Relationship between service resources Data Proc

Data Proc lets you use distributed data storage and processing for data using Apache Hadoop ecosystem services.

The main entity used in the service is a cluster. It groups together all the resources available in Hadoop, including computing and storage capabilities.

Each cluster consists of subclusters. They integrate hosts that perform identical functions:

  • A subcluster with master hosts (for example, NameNode for HDFS or ResourceManager for YARN).

    Note

    Each cluster may have only one subcluster with master hosts.

  • Subclusters for data storage (for example, DataNode for HDFS).

  • Subclusters for data processing (for example, NodeManager for YARN).

Subclusters for one cluster must reside in the same cloud network and availability zone. Learn more about Yandex.Cloud geography.
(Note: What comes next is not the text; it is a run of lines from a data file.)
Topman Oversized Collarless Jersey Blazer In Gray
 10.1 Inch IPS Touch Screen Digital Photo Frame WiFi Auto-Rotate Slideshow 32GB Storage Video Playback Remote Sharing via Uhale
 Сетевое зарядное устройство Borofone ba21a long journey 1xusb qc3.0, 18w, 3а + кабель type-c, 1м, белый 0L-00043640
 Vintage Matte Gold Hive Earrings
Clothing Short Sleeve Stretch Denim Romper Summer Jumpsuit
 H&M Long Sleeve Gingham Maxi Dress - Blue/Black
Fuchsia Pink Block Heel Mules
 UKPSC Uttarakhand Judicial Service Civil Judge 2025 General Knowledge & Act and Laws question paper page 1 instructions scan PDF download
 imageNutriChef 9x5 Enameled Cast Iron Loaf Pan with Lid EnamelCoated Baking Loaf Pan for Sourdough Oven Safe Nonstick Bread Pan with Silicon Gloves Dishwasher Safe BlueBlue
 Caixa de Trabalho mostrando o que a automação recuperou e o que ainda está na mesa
Hosts in each subcluster are created with the computing power consistent with the specified host class. For a list of available host classes and their characteristics, see Host classes.

For information about network configuration and network access to clusters, see Networks, clusters, and subclusters.

Security

Since a Data Proc cluster can run jobs without directly accessing clusters over SSH, the cluster logs job execution results to an S3 bucket. This is done for the user's convenience. Logging to the bucket is performed under the service account specified during cluster creation. For more information about the concept, go to the Service accounts page.

We recommend using at least two different S3 buckets for the Data Proc cluster:

  1. For the source data that the service account has read-only access to.
  2. For the operation logs and results that the service account has full access to.

This is required to reduce the risk of the source data being unexpectedly modified or deleted.